Nosferatu no fue la única obra mayor realizada por Murnau en Alemania. Hay un real interés en su Fausto y no está mal su Tartufo (ambas de 1926), pero su otra película definitoria del período será El último (1924), que cuenta la historia de un portero de hotel (Emil Jannings) “degradado” a encargado de los baños cuando los dueños del local deciden que está demasiado viejo para cargar con las valijas. El filme es un sutil cuestionamiento del fetichismo alemán por los uniformes; la vergüenza del personaje deriva del hecho de no poder usar su brillante ropaje anterior, y sigue yendo y viniendo uniformado hacia y desde su casa (y se cambia de ropa antes y después del trabajo) para ocultar su desgracia ante familia y vecinos.
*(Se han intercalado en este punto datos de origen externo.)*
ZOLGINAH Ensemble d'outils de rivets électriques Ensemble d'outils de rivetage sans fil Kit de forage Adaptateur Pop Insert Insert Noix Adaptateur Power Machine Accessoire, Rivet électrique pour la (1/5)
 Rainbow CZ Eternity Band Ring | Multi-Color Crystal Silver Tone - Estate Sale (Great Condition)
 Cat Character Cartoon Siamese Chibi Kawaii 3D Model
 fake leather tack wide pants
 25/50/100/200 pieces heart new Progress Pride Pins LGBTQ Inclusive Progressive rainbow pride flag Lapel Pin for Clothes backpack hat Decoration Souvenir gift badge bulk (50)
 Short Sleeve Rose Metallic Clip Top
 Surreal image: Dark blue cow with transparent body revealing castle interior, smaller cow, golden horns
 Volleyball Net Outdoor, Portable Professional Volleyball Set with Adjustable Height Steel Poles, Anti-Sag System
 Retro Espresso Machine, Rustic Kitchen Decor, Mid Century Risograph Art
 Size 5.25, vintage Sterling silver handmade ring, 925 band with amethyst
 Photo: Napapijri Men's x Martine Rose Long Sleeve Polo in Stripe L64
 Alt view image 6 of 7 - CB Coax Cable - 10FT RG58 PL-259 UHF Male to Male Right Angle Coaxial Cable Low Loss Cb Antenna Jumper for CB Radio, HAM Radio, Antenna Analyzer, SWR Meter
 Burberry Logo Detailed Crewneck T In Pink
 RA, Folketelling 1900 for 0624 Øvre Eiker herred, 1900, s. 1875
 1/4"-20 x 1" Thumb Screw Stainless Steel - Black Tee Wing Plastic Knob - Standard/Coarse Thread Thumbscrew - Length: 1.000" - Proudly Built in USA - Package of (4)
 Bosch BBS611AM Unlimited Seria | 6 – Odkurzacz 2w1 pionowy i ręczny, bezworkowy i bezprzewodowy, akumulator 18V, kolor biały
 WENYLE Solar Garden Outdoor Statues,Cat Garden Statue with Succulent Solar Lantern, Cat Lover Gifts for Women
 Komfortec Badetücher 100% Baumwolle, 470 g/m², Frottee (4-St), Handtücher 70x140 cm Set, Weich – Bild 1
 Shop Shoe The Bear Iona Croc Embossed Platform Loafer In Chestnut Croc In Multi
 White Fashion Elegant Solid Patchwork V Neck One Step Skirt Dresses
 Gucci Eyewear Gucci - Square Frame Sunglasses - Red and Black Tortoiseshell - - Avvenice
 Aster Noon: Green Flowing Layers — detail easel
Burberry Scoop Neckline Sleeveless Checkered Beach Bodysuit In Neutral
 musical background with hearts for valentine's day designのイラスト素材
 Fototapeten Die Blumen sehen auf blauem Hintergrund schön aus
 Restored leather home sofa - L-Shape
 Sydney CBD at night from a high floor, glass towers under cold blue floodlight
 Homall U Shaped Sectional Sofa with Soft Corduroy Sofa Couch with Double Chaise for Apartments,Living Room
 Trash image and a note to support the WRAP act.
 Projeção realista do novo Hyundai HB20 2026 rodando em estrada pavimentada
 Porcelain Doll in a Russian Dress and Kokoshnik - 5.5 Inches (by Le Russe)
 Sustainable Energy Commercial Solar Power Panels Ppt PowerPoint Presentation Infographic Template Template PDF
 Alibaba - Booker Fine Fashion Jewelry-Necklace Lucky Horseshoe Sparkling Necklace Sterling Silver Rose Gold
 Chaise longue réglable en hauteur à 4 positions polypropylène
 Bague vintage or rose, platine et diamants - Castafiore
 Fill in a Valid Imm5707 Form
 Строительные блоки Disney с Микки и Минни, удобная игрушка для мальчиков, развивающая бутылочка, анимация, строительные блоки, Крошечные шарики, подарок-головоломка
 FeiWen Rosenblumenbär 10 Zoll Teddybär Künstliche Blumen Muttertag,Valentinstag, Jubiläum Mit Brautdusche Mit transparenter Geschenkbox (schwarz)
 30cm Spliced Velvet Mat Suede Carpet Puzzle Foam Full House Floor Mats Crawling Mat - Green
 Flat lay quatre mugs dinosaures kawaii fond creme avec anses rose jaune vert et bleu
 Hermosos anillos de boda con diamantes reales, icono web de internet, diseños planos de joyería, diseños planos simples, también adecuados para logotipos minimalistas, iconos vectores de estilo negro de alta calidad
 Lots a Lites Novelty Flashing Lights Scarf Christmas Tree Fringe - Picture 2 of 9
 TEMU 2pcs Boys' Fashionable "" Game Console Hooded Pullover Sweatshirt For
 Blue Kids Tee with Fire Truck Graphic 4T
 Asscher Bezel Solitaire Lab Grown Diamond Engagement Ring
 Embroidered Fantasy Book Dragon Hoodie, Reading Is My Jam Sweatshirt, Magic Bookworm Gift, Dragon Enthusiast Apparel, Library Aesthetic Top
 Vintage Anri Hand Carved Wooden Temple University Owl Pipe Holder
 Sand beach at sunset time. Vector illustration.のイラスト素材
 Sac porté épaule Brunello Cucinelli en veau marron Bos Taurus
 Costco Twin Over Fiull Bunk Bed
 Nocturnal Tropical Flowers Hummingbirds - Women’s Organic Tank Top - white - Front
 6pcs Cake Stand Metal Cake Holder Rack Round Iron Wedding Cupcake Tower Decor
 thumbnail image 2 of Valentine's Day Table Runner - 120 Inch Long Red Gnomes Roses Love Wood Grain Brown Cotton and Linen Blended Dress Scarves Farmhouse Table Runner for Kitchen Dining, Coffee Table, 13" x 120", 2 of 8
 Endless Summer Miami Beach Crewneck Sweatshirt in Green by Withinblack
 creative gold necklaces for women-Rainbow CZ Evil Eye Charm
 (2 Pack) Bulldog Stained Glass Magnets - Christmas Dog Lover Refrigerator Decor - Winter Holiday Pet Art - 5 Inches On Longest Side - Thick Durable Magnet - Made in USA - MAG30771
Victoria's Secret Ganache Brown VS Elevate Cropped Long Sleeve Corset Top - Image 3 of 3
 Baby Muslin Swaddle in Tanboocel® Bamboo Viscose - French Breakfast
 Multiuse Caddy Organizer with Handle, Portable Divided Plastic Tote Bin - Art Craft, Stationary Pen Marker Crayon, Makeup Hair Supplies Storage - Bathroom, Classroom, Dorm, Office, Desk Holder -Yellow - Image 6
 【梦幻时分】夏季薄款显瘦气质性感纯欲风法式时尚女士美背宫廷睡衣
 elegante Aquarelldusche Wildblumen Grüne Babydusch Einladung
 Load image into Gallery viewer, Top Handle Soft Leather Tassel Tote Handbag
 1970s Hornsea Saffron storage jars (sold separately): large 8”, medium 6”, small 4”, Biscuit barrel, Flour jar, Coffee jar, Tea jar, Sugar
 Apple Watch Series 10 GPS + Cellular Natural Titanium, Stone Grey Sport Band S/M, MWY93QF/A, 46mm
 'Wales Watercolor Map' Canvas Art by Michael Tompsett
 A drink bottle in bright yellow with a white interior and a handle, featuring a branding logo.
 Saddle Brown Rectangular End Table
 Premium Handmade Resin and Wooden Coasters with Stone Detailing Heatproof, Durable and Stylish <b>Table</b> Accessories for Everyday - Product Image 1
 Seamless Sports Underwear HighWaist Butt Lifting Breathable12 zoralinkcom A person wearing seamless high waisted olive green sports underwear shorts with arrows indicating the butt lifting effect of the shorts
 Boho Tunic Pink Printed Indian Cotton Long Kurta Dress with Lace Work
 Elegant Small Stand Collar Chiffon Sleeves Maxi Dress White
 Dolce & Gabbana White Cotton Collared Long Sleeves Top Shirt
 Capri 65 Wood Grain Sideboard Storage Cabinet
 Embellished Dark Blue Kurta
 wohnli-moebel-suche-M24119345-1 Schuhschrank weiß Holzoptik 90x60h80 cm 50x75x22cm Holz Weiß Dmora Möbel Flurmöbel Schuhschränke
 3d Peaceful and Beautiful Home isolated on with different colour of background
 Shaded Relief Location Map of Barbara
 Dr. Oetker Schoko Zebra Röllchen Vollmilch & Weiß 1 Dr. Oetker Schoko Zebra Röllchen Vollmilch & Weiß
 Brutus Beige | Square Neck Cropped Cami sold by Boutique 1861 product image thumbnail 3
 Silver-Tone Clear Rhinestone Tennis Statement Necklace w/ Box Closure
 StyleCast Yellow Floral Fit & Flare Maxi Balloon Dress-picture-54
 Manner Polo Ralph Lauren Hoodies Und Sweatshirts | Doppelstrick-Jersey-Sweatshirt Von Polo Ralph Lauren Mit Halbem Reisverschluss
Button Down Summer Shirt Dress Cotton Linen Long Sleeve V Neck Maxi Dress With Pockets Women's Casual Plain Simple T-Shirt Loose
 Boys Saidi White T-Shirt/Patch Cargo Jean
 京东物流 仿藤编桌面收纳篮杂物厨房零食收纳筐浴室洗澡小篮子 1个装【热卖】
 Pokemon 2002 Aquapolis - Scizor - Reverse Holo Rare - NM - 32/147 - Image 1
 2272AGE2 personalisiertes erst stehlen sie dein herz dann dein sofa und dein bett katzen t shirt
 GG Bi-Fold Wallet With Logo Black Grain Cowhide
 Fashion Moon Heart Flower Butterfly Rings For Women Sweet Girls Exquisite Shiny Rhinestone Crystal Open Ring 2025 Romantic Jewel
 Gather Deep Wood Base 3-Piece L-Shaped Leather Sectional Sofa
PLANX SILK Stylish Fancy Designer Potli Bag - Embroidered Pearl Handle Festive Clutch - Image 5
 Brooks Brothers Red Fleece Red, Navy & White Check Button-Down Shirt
Aparte del “comentario social”, atribuible probablemente al guionista Carl Mayer (que  también escribió Caligari), el filme contiene por lo menos otro logro notable en el fluido trabajo de la cámara del fotógrafo Karl Freund, que se las arregla para contar íntegramente a través de las imágenes, sin apelar a un solo intertítulo.

Murnau fue uno de los primeros talentos alemanes absorbido por la industria de Hollywood, antes de que comenzara el éxodo provocado por el nazismo. En  Estados Unidos rodó por lo menos una obra maestra absoluta (Amanecer) y murió prematuramente en 1931, en un accidente de tránsito, mientras trabajaba con Flaherty en Tabú.